» **DATA SHOWN**

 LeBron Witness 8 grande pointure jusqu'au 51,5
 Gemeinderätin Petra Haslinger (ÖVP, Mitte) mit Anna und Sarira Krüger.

--

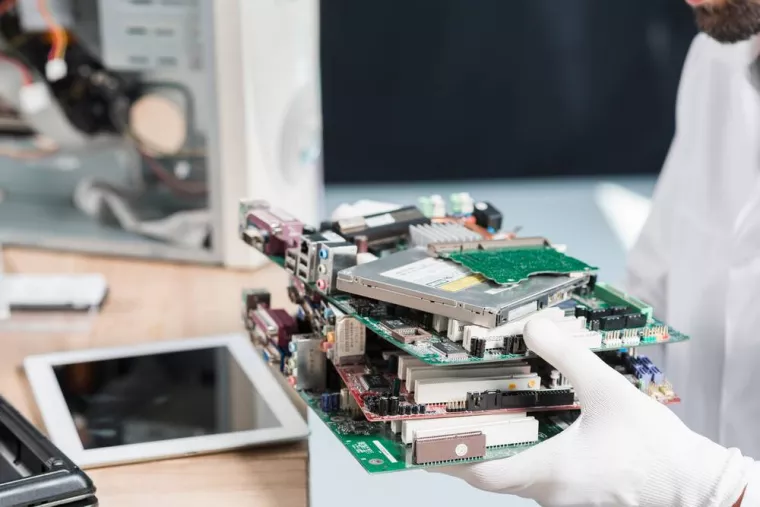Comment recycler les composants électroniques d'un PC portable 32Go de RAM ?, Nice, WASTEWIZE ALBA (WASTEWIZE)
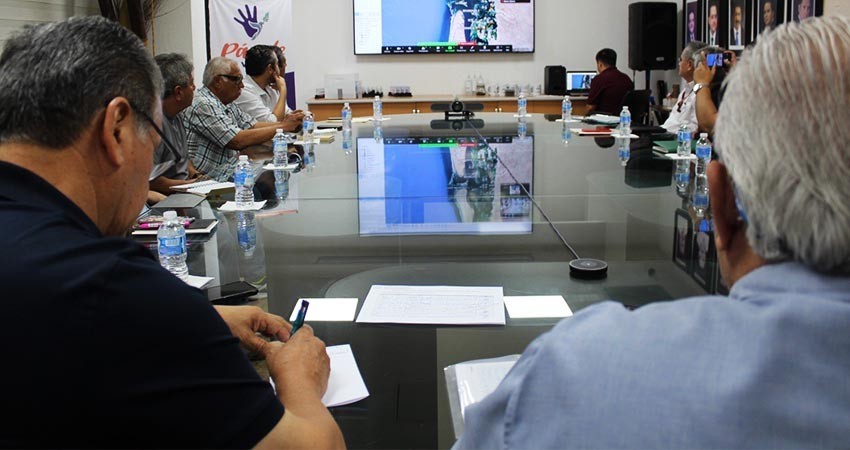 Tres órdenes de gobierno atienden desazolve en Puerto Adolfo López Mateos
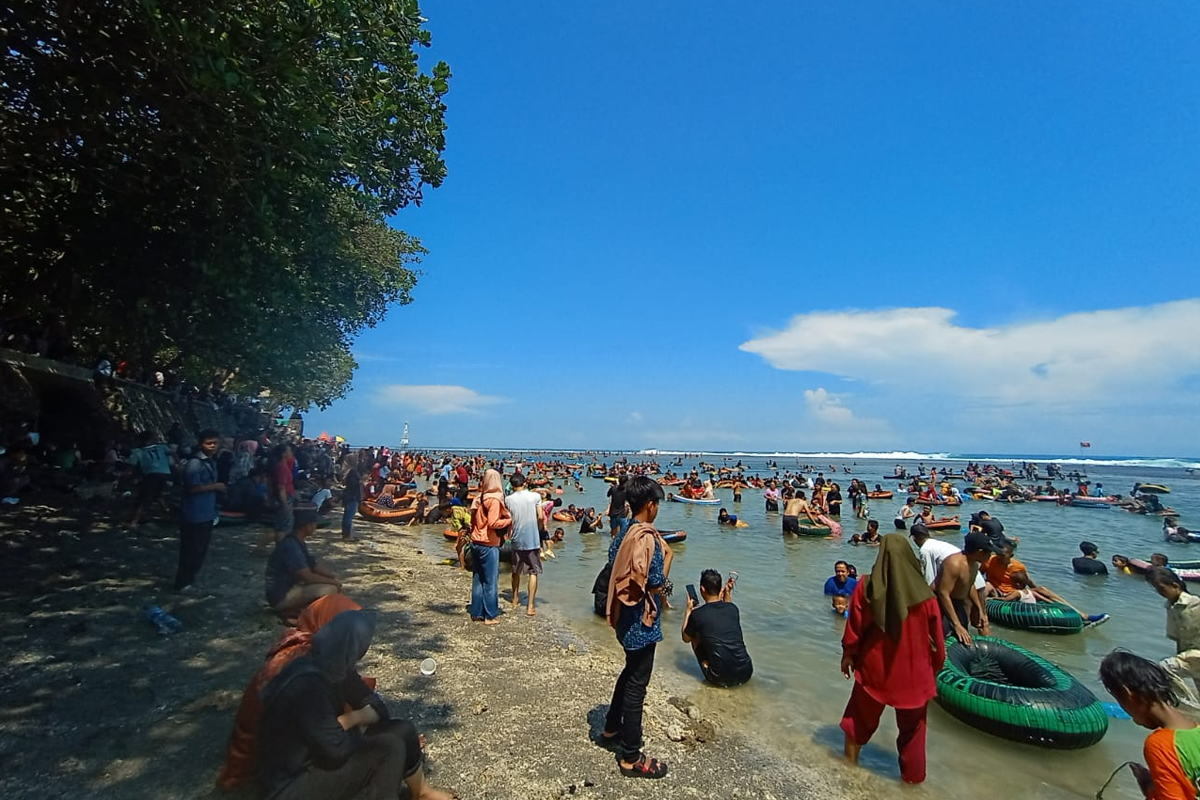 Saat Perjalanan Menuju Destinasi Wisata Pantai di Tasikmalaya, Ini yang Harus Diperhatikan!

--

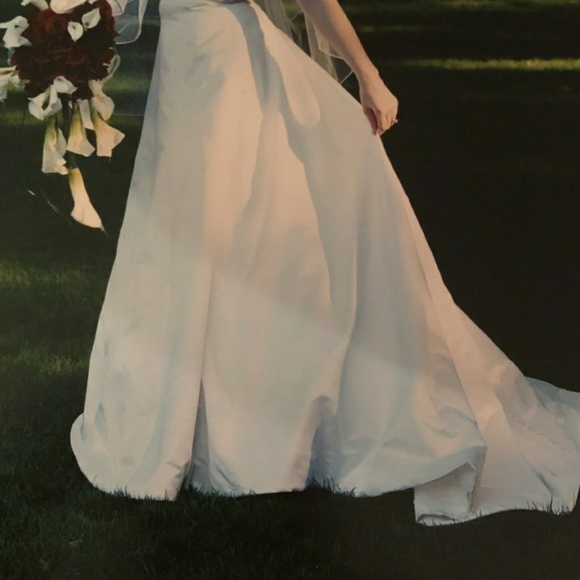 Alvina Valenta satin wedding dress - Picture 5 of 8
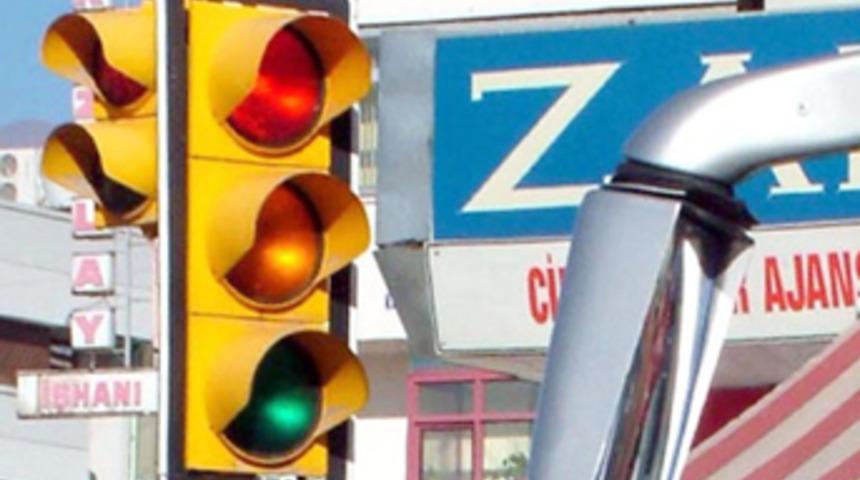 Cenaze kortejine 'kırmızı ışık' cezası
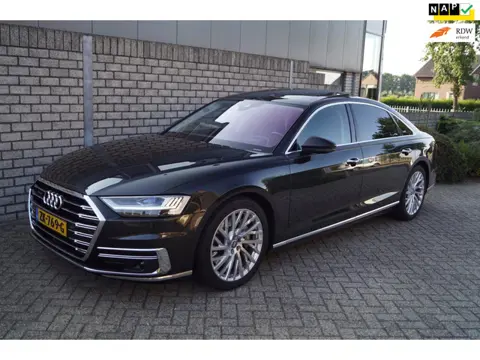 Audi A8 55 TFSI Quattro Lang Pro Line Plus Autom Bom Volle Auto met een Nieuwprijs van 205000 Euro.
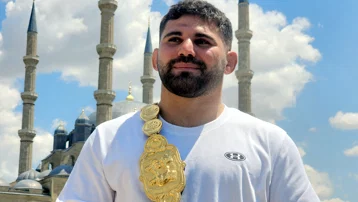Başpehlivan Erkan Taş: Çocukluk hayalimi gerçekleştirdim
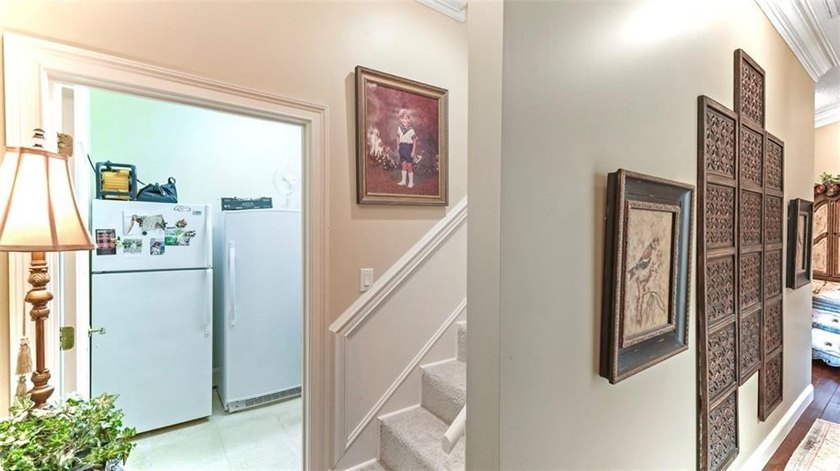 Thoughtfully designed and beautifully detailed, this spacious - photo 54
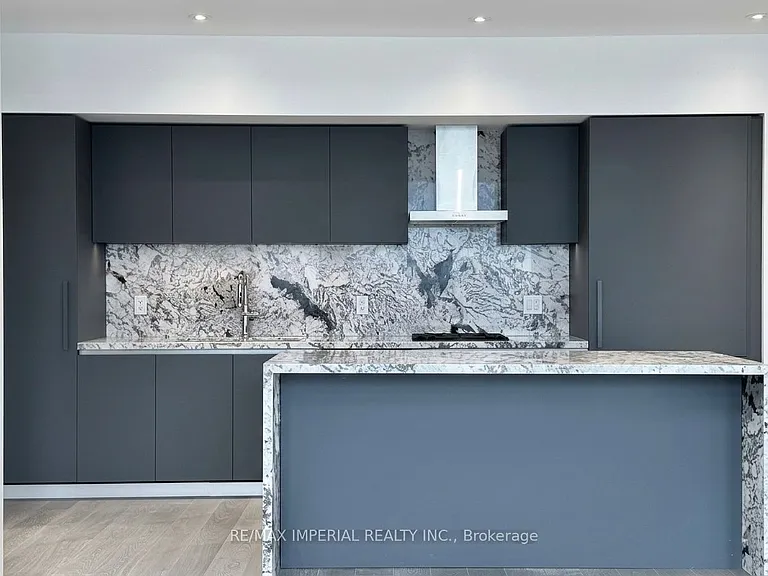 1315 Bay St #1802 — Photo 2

» **ASSIGNMENT**
Make an exact copy of the lines above, beginning with the line with "Alvina Valenta satin" and ending with the line with "1315 Bay St #1802 — Photo 2", and keep the pictures out of it.

» **OUTPUT OF THE TASK**
 Alvina Valenta satin wedding dress - Picture 5 of 8
 Cenaze kortejine 'kırmızı ışık' cezası
 Audi A8 55 TFSI Quattro Lang Pro Line Plus Autom Bom Volle Auto met een Nieuwprijs van 205000 Euro.
Başpehlivan Erkan Taş: Çocukluk hayalimi gerçekleştirdim
 Thoughtfully designed and beautifully detailed, this spacious - photo 54
 1315 Bay St #1802 — Photo 2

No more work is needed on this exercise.